= William Keatinge Clay =

English cleric and antiquary

William Keatinge Clay (1797–1867) was an English cleric and antiquary.

==Biography==
Clay was born in 1797, and, having been ordained deacon in 1823 by John Fisher, Bishop of Salisbury, became curate of Greenwich. He was ordained priest in the following year by William Howley, Bishop of London. He was curate of Paddington in 1830, and of Blunham, Bedfordshire, in 1834. In 1835 he took the degree of B.D. at Jesus College, Cambridge, as a 'ten-year man'; he became minor canon of Ely Cathedral in 1837, and was subsequently appointed 'prælector theologicus' and librarian of the cathedral. In 1842 he was instituted to the perpetual curacy of Holy Trinity, Ely, and was collated in 1854 by Thomas Turton, bishop of Ely, to the vicarage of Waterbeach, Cambridgeshire, where he died on 26 April 1867.

==Works==
Clay published several parochial histories, as well as commentaries and editions of Anglican liturgical texts.
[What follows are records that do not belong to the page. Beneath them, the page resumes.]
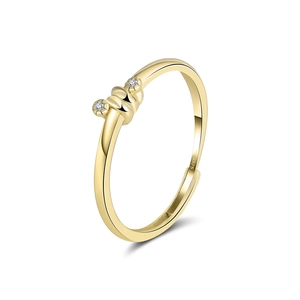 Minimalist S925 sterling silver gold-plated twisted knot open ring with cubic zirconia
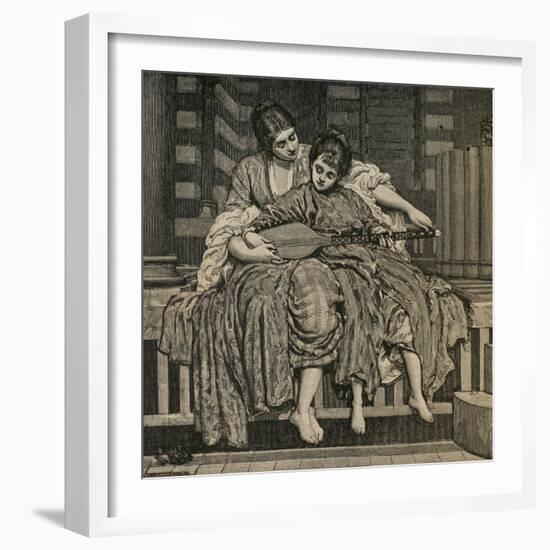 The Guitar Lesson. by A. Bellenger. Painting by Frederick Leighton (1830-1896)-null-Framed Giclee Print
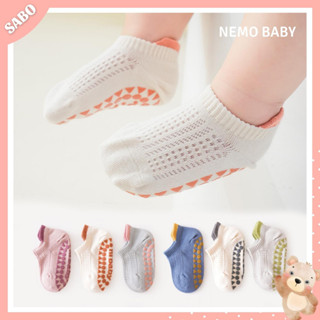 Set 3 Đôi Tất Lưới Chống Trơn Trượt Cho Bé 0-3 Tuổi NEMO BABY, Tất Hè Thu Vải Lưới Cotton Thoáng Mát Cho Bé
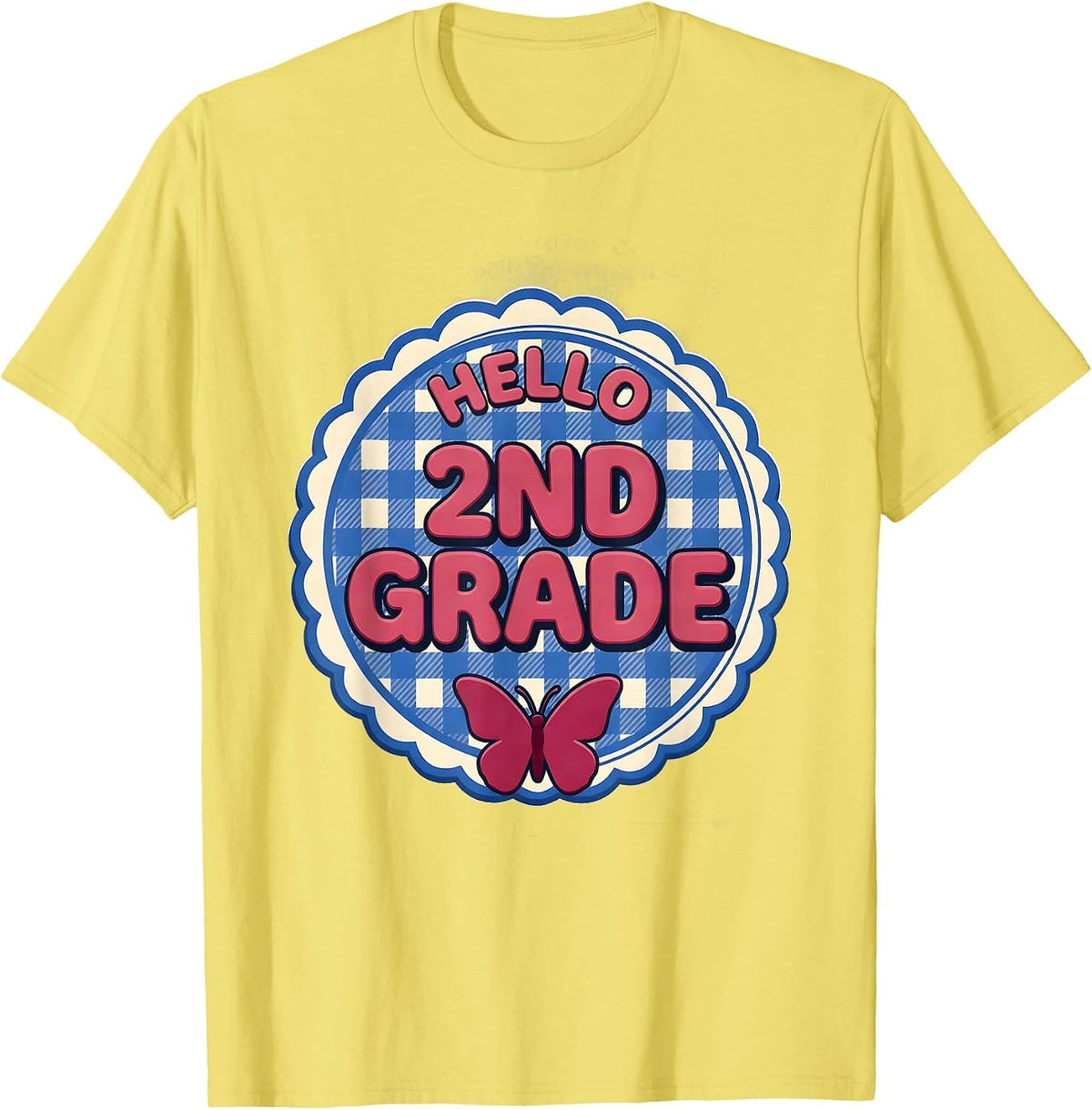 Men's Hello 2nd Grade Cute Coquette Bow Back to School Second T-Shirt - Lemon Yellow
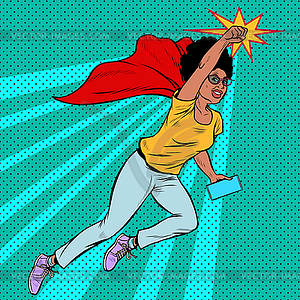 African Woman grandmother superhero flying active - royalty-free vector clipart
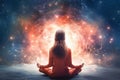 Ai generative. Back view, young woman meditating in front of space Royalty Free Stock Photo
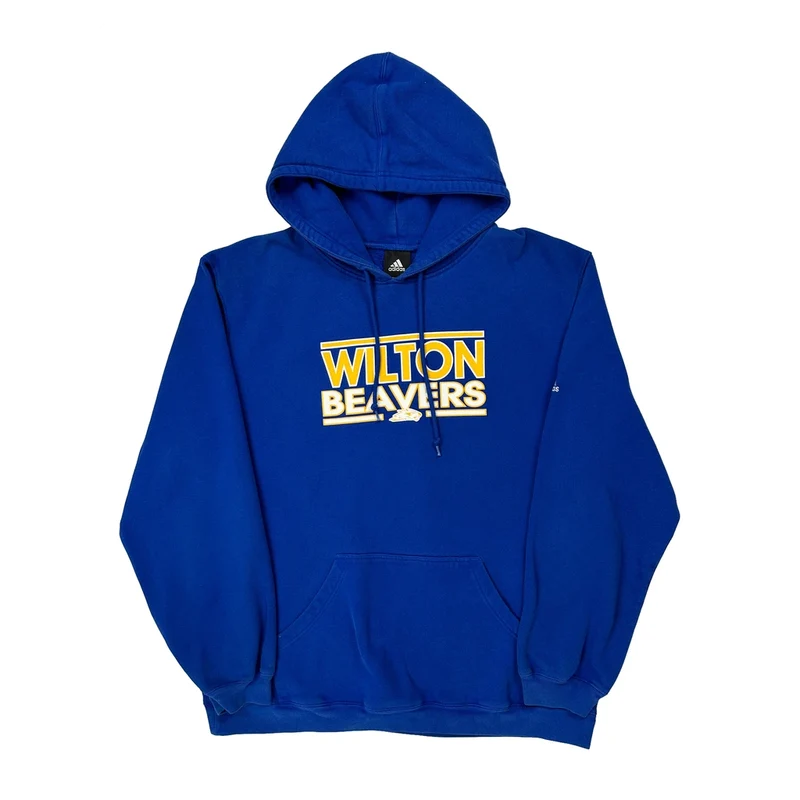 Wilton Beavers Adidas Graphic Hoodie - XL Blue Cotton Blend
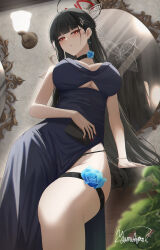  1girl absurdres alternate_costume bare_shoulders black_choker black_dress black_hair blue_archive blunt_bangs blush breasts bright_pupils choker clothing_cutout commentary_request dress earrings from_below hair_ornament hairclip halo highres holding jewelry large_breasts long_hair looking_at_viewer looking_down mirror nail_polish parted_lips red_eyes red_nails rio_(blue_archive) signature solo thigh_strap thighs underboob_cutout white_pupils yamikyon 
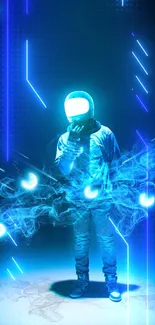 Futuristic neon astronaut with blue glow.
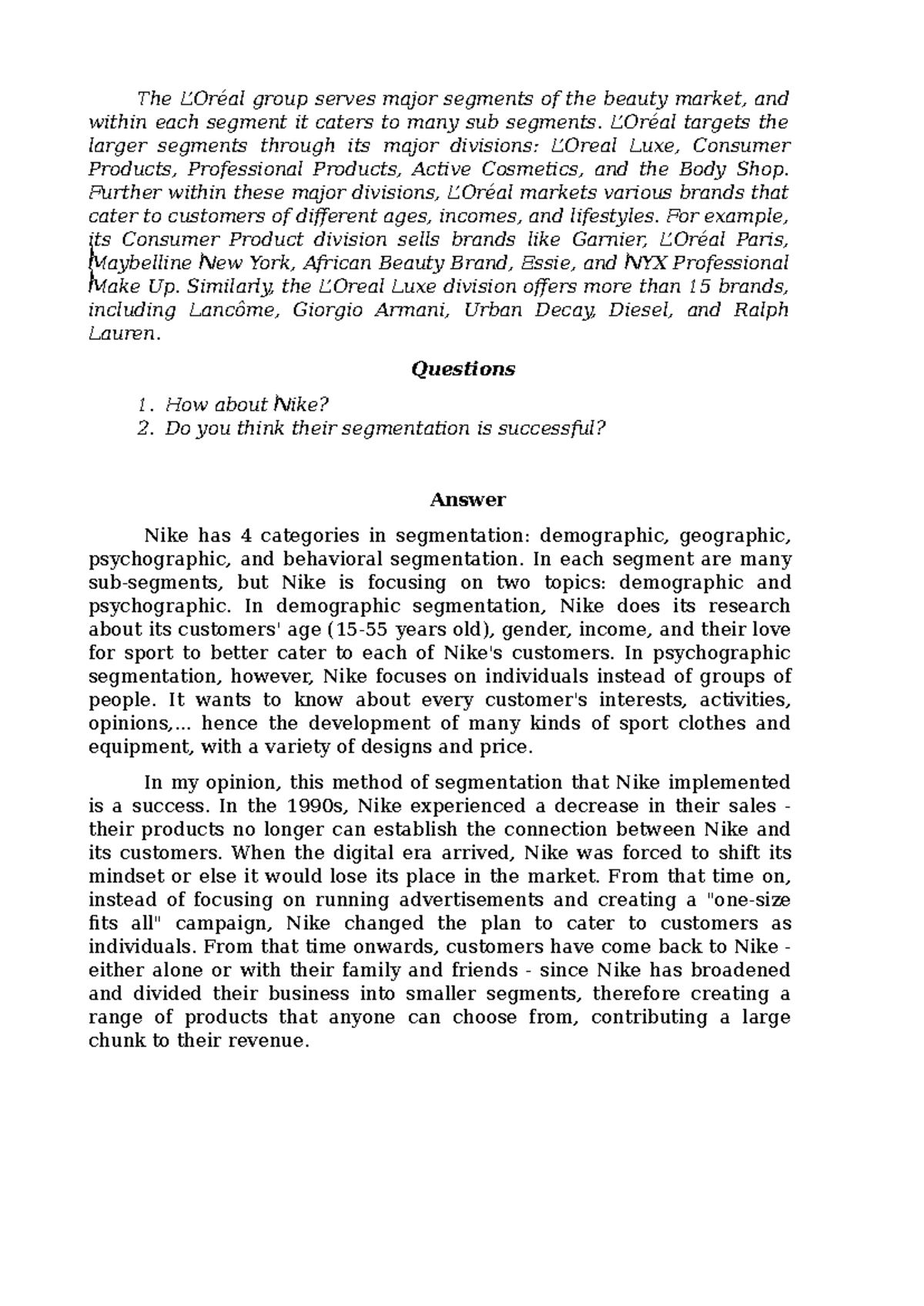 Basic Marketing - Assignment 2: Market Segmentation Analysis - Studocu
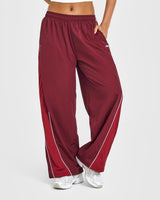 Oversized Piped Woven Straight Leg Track Bottoms | Rosewood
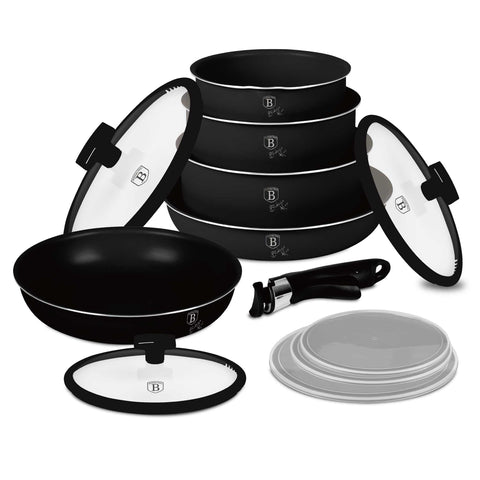 BH/8248, BH/8248N, clic, cocina, Cookware Set, cookwareset, frypan, juego, juego de ollas y sartenes, juego de utensilios de cocina, juego de utensilios de cocina de 12 piezas, mango de clic, Matte Black Collection, negro, ollas y sartenes, plateado, pot, Pots & Cazuelas, utensilios de cocina, utensilios de cocina inteligentes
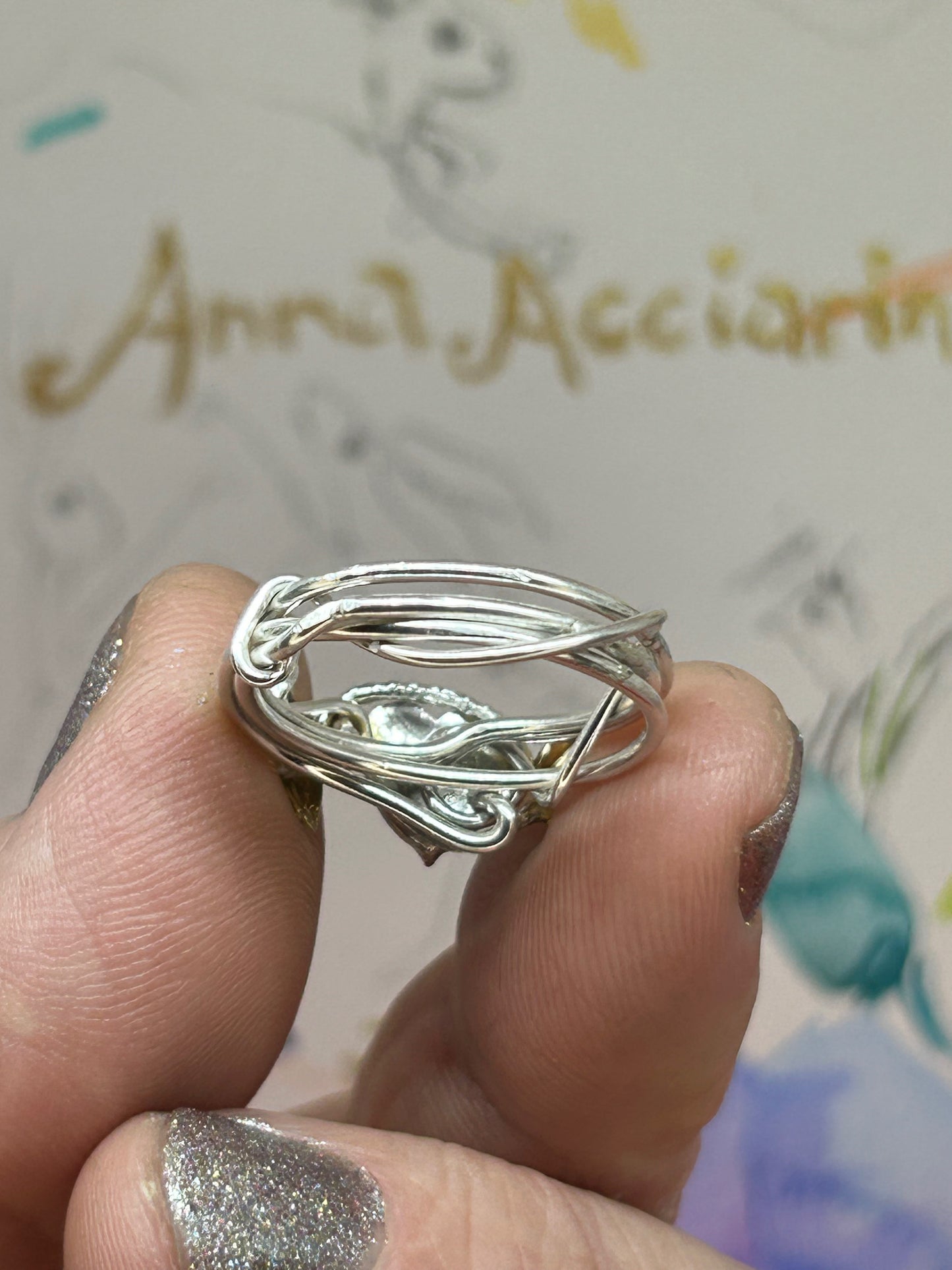 Opal sweetheart vine ring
He also helped in the edition of the Book of Common Prayer issued by the Ecclesiastical History Society in 1849–54, and in the edition of Charles Wheatly's Rational Illustration of the Book of Common Prayer, reprinted in 1858 by the syndics of the Cambridge University Press.

Clay works are:
- Explanatory Notes on the Prayer Book Version of the Psalms, London, 1839, 8vo.
- The Book of Common Prayer illustrated; so as to show its various modifications, the date of its several parts, and the authority on which they rest, London, 1841, 8vo.
- (ed.) Liturgies and Occasional Forms of Prayer set forth in the Reign of Queen Elizabeth, 1847. Edited for the Parker Society.
- An Historical sketch of the Prayer Book, London, 1849, 8vo.
- (ed.) Private Prayers put forth by authority during the Reign of Queen Elizabeth. With an appendix containing the Litany of 1544, Cambridge, 1851. Edited for the Parker Society
- History of the parish of Waterbeach (1859), History of the parish of Landbeach (1861), and History of the parish of Horningsey (1865) in Cambridgeshire. These three parochial histories, printed separately by the Cambridge Antiquarian Society, were collected into one volume with a common title-page, Cambridge, 1865, 8vo.
- A History of the Parish of Milton in the county of Cambridge, edited by the Rev. W. G. Searle for the Cambridge Antiquarian Society, 1869.